Kupandangi wajahku di cermin. Kubuka kerudung biruku. Kuusap air mataku yang masih belum juga berhenti berjatuhan.
Kudekatkan badanku ke cermin, aku mendongak agar dapat dengan jelas kulihat letak luka cakar itu. Kuraba tulang leherku lalu kububuhkan obat merah perlahan-lahan. Kubuka kancing bajuku satu per satu, kutarik di bagian pundak sebelah kanan, kudapati kulitku berwarna biru memar samar-samar. Kulepas rok panjangku—di paha kiriku terhampar sebuah pulau besar berwarna ungu.
Kuhempaskan badanku di atas tempat tidur, kupandangi langit-langit kamar.
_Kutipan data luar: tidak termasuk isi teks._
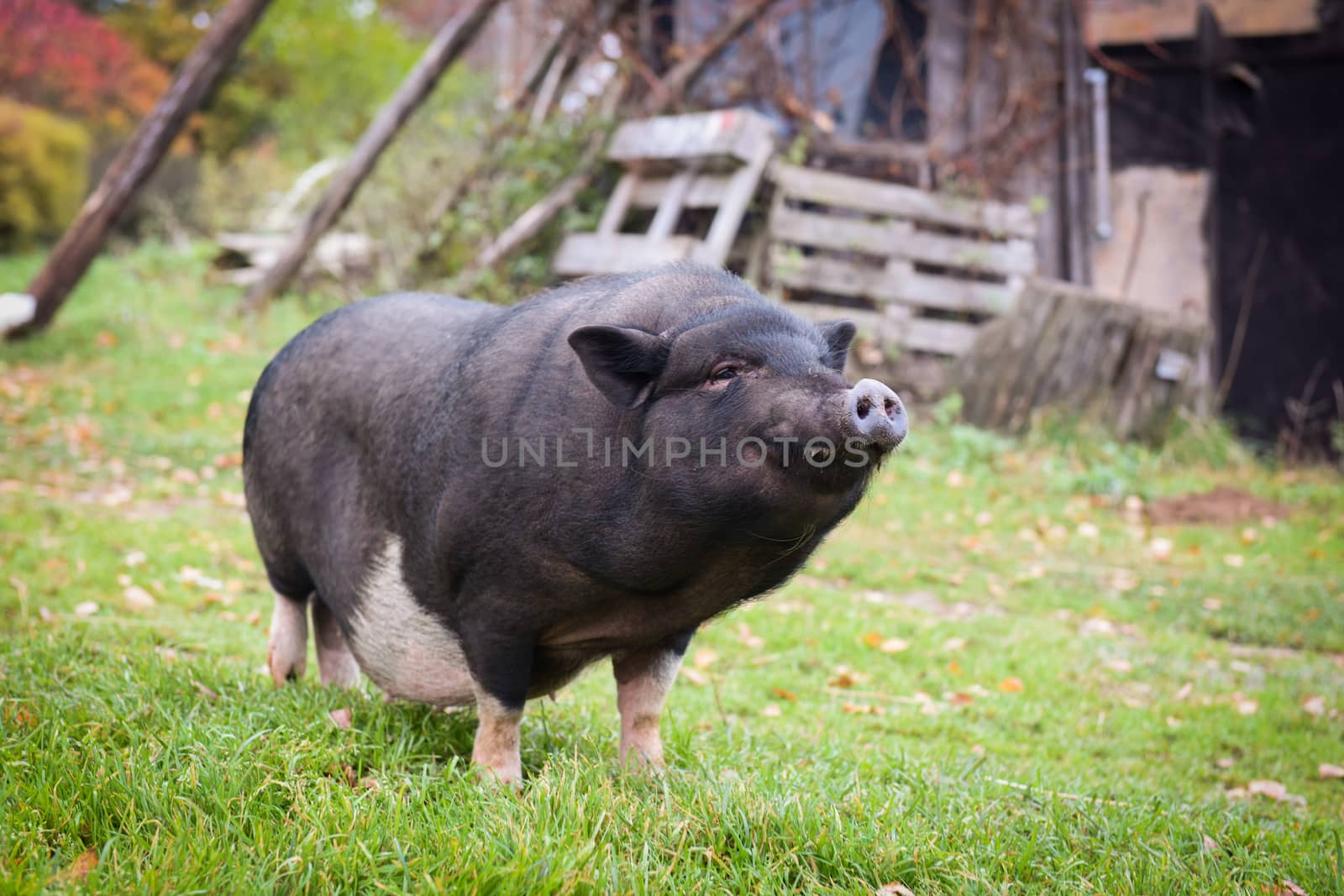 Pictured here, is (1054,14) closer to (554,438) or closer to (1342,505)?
(1342,505)

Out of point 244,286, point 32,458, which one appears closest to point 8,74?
point 244,286

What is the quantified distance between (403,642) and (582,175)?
841cm

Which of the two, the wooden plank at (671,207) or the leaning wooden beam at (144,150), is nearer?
the wooden plank at (671,207)

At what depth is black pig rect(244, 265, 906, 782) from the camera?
252cm

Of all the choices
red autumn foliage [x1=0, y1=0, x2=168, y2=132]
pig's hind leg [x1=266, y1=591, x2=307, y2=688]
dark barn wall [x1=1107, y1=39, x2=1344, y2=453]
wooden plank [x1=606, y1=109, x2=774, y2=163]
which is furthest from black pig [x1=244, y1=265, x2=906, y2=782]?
red autumn foliage [x1=0, y1=0, x2=168, y2=132]

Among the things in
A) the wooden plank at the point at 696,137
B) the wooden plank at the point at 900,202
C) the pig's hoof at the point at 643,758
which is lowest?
the pig's hoof at the point at 643,758

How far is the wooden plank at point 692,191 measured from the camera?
1012 cm

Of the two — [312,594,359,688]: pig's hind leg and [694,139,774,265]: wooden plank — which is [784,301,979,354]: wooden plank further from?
[312,594,359,688]: pig's hind leg

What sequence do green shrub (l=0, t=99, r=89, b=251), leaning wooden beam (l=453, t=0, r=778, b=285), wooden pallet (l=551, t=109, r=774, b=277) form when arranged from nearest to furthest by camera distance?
wooden pallet (l=551, t=109, r=774, b=277)
leaning wooden beam (l=453, t=0, r=778, b=285)
green shrub (l=0, t=99, r=89, b=251)

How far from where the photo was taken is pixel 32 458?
7836 mm

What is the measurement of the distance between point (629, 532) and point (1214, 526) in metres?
6.76

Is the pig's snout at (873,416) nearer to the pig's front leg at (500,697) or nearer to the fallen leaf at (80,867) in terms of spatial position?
the pig's front leg at (500,697)

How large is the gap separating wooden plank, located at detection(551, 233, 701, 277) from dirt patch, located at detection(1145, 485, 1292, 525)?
4.14 m

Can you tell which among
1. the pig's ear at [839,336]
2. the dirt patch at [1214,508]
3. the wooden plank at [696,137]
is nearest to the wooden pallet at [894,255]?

Ya, aku dan Joni baru saja bertengkar. Saat nada suaraku meninggi, ia mendorongku hingga paha kiriku membentur ujung meja kayu. Saat aku hendak melangkah pergi, ditahannya pundakku dengan jemarinya yang kuat, namun tenagaku ternyata lumayan, aku bisa masih melangkah maju ke depan. Ditariknya kerudung biruku dengan kasar, lalu kuku jemarinya yang kuat itu membaret leherku dengan cakar. Aku meraung.
Kami bertengkar dalam sebuah ruang kelas, tiga jam seusai kelas pelajaran terakhir. Sekolahan sudah sunyi, hanya tinggal tukang sapu dan beberapa orang murid yang masih enggan pulang. Beberapa teman-teman kami mengintip dari sela pintu tapi tak ada yang mau ikut campur apalagi membantu. Ketika mendengar aku meraung, mereka beranjak pergi, mendadak tuli seperti patung.
Tidak lama kemudian, Joni mendudukkan aku di sebuah kursi. Ia belutut meminta maaf sambil menangis, suaranya bergetar-getar.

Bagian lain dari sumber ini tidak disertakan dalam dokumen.